Six basic factors make this year's theft a possibility:
1. The power of corporate money, now vastly enhanced by the US Supreme Court's Citizens' United decisions;2. The Electoral College, which narrows the number of votes needed to be moved to swing a presidential election;
3. The systematic disenfranchisement of -- according to the Brennan Center -- 10 million or more citizens, most of whom would otherwise be likely to vote Democratic. More than a million voters have also been purged from the rolls in Ohio, almost 20% of the total vote count in 2008;
4. The accelerating use of electronic voting machines, which make election theft a relatively simple task for those who control them, including their owners and operators, who are predominantly Republican;
5. The GOP control of nine of the governorships in the dozen swing states that will decide the outcome of the 2012 campaign; and,
6. The likelihood that the core of the activist "election protection" community that turned out in droves to monitor the vote for Barack Obama in 2008 has not been energized by his presidency and is thus unlikely to work for him again in 2012.

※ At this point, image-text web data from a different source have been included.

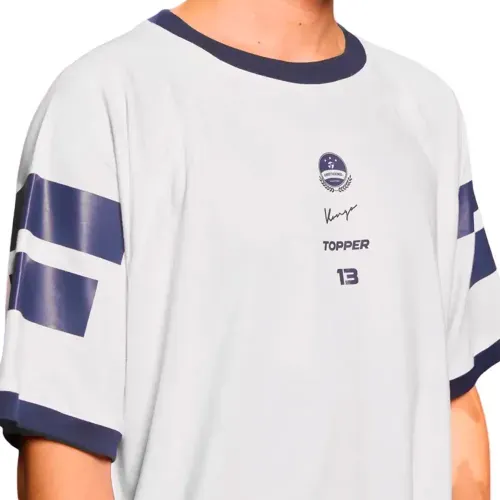 Remera Topper King of the Kongo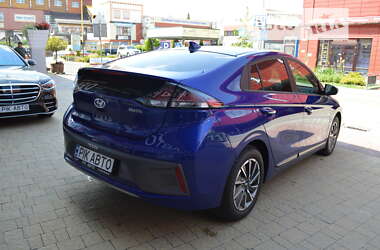 Ліфтбек Hyundai Ioniq 2021 в Львові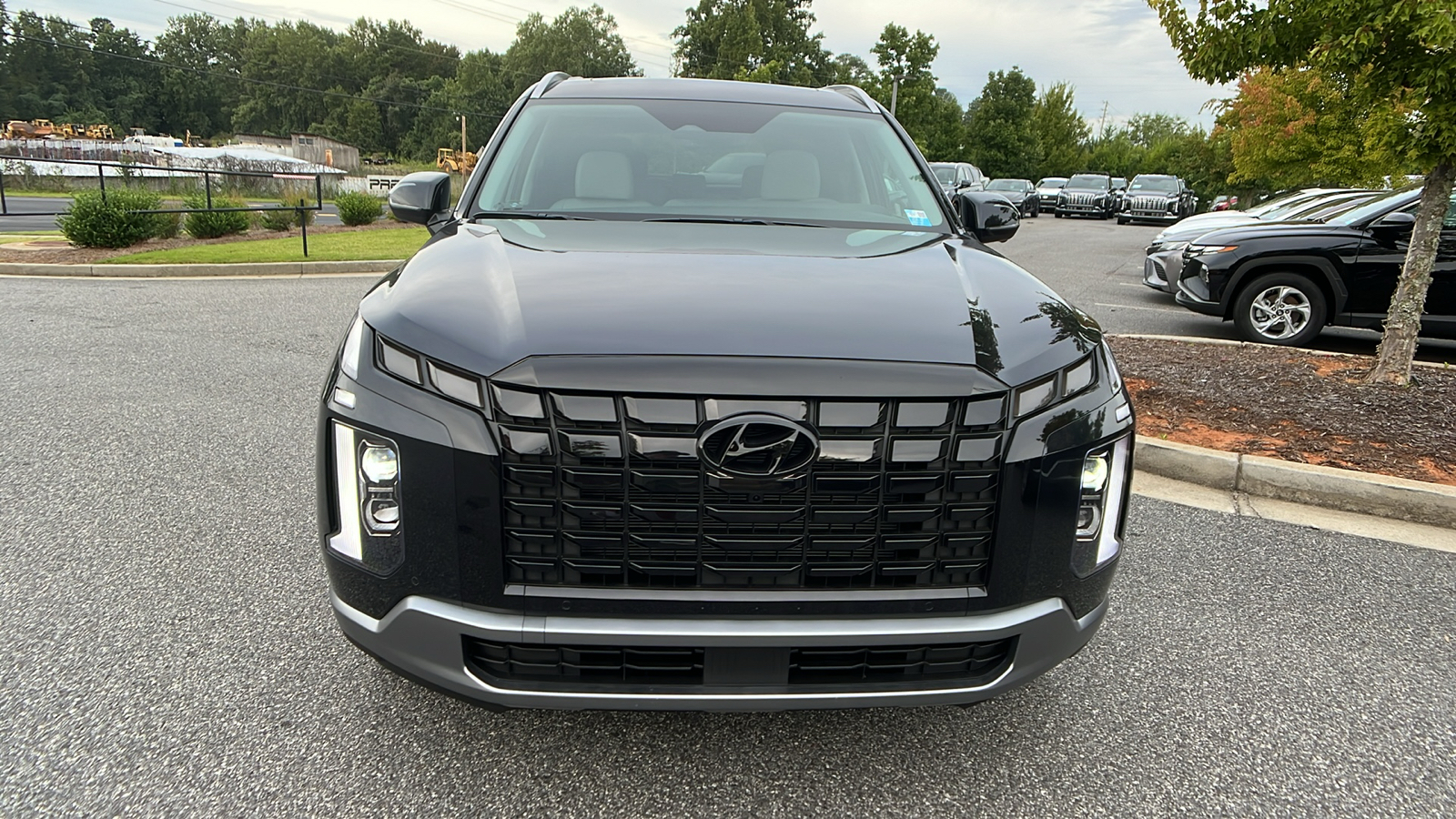 2025 Hyundai Palisade SEL 2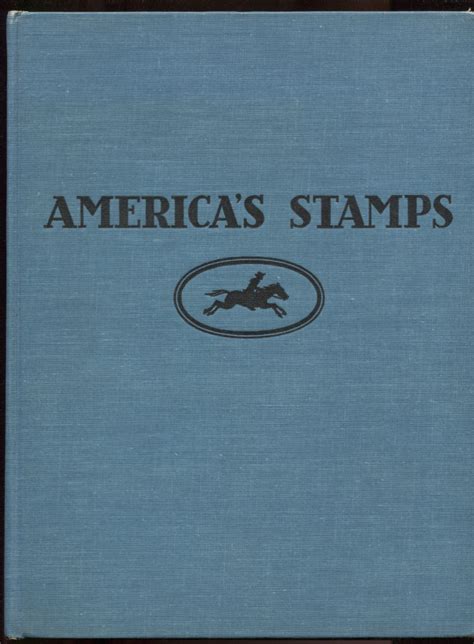 Americas Stamps With Many Cancelled Stamps Laid In The Story Of One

Winning a fair and reliable electoral system can be achieved only with a massive grassroots upheaval.
The power of money is now enshrined by the infamous Citizens United decision. In at least 90% of our Congressional races and at least 80% of our US Senate races, the candidate who spends the most money wins.
From the presidency to the local level, our elections -- and thus control of our government -- are dominated by cash.

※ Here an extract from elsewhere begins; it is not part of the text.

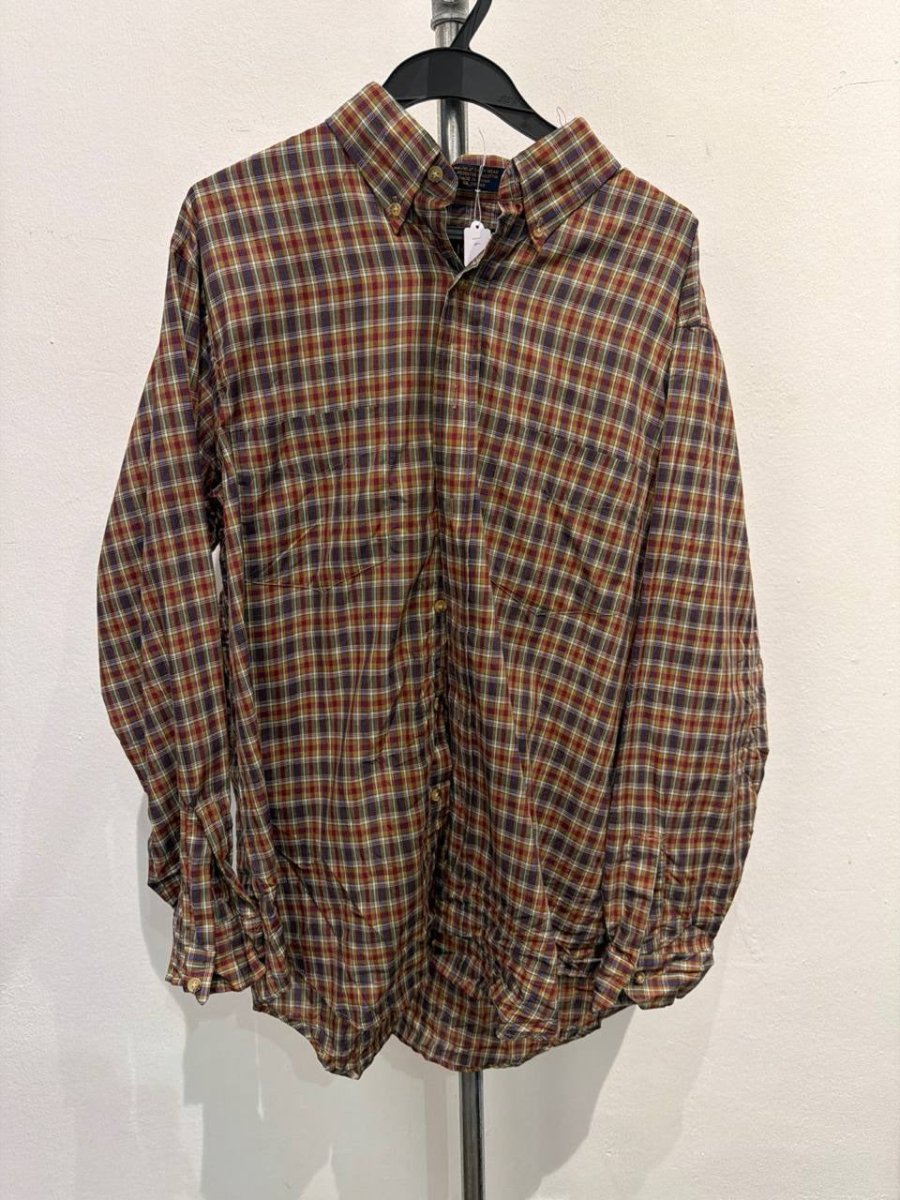 Arrow Long Sleeve Shirt Multicolour L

For more than a century, the ability of corporations and the super-rich to buy in directly has been legally constrained. But the concentration of media ownership in the hands of ever-fewer corporations has vastly enhanced their power.
Already in 2012, the tsunami of dollars pouring in from corporations and super-rich individuals has soared to entirely new levels. Even the floodgates opened by Citizens United can't handle the flow. With its June decision denying Montana's attempt to keep some spending restrictions in tact, the John Roberts US Supreme Court has inaugurated an era in which virtually unrestrained "pay-to-play" money will re-define the electoral process. Republicans in the US Senate have also blocked attempts to require that these campaign "donations" be made public.
It's not hard to guess where this leads. The June, 2012, recall election in Wisconsin saw at least eight times as much money being spent on protecting Republican governor Scott Walker as was spent to oust him.